By Tom Paine / Philly Tech News
[Ed. Note. Not too long ago, Galloway-based Linode’s biggest problem was getting permits straightened away to renovate its new property, an old Philadelphia bank building that it will be using as its headquarters, so the company could move into the heart of Philadelphia’s tech scene. We covered Linode’s intended move here.
However recently the company was hit by a number of DDOS attacks, reported here by Tom Paine of Philly Tech news. Here is Paine’s follow-up story. Note: this story was originally posted to Philly Tech News under the title Linode issues statement regarding DDOS attacks: Under control; all Linode Manager passwords have been expired, must be reset ]
Linode has issued a release summarizing what it has discovered and done regarding the DDOS (Distributed Denial of Service) incidents it recently experienced.
Effective immediately, all (external) Linode Manager passwords have been expired, and must be reset, the company said.
A security investigation into the unauthorized login of three accounts led to the discovery of two Linode.com user credentials on an external machine. This implies user credentials could have been read from its database, either offline or on, at some point. The user table contains usernames, email addresses, securely hashed passwords and encrypted two-factor seeds.
This may have contributed to the unauthorized access of the three Linode customer accounts mentioned above, which were logged into via manager.linode.com.
Linode says it retained a well-known third-party security firm to aid in its investigation. Multiple Federal law enforcement authorities are also investigating and have cases open for both issues.

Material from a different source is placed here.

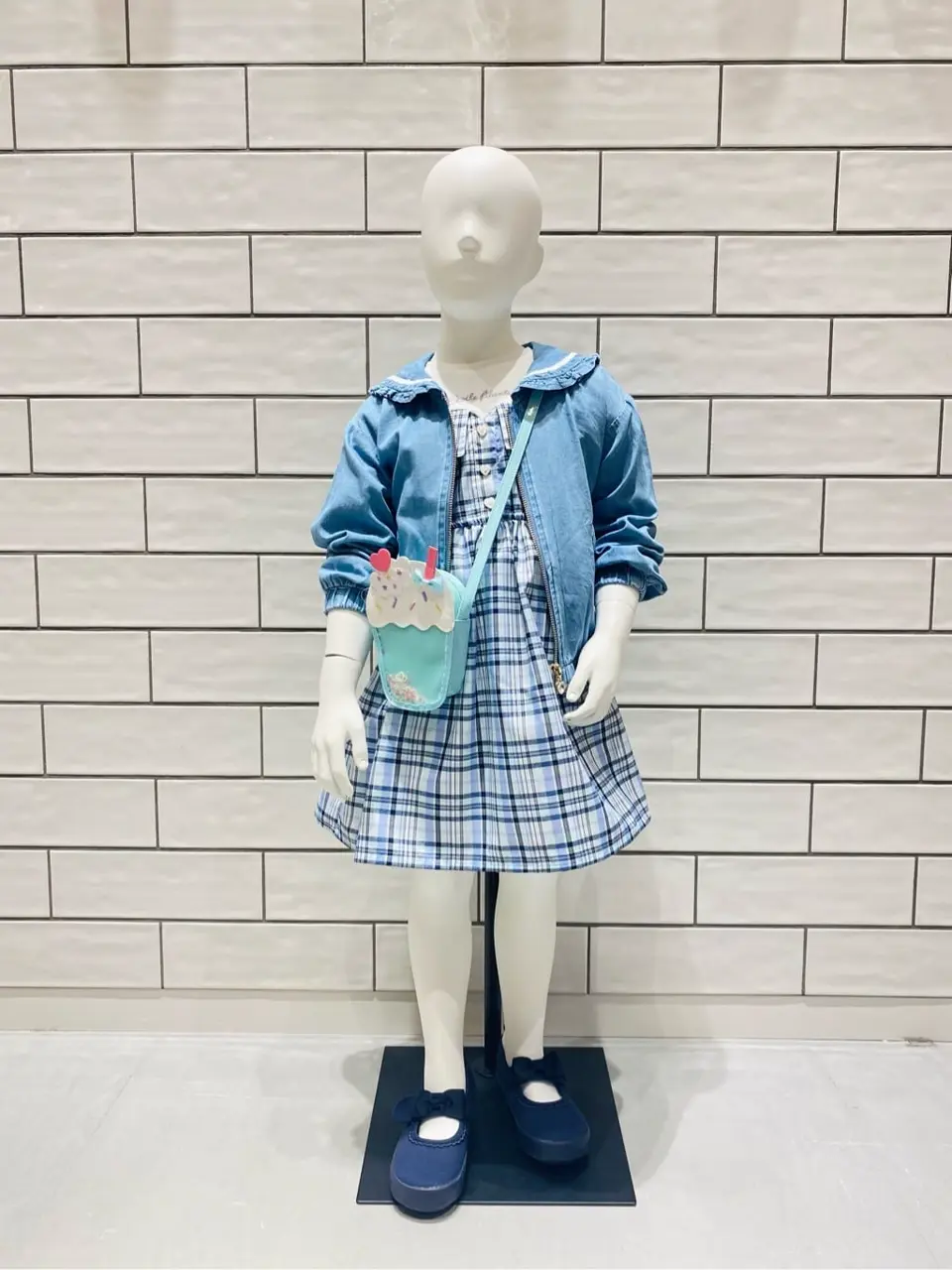 ONWARD CROSSET SELECT m.n コーディネート画像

When the investigation is complete, it says it will share an update on the findings.
Linode says it has no idea who was behind the attacks.
Other than responding to some press followup inquiries, it doesn’t plan to issue any further statements at this time.
The DDOS attacks began on Christmas Day centered on Dallas, and spread around to different locations in Linode’s global network, ending with an assault on its Atlanta data center. Things seemed largely under control by Sunday.
Linode competes in the public cloud hosting business with Digital Ocean and others, much smaller than Amazon Web Services and the other giants.
Yet that smaller segment is considered an attractive market for growth. But Linode may have to do more outreach to assure its customers that it is addressing security concerns.
From its original base near Atlantic City, Linode has been gradually migrating towards Philadelphia. It recently acquired the historic Corn Exchange Bank building in Old City as its Philadelphia base.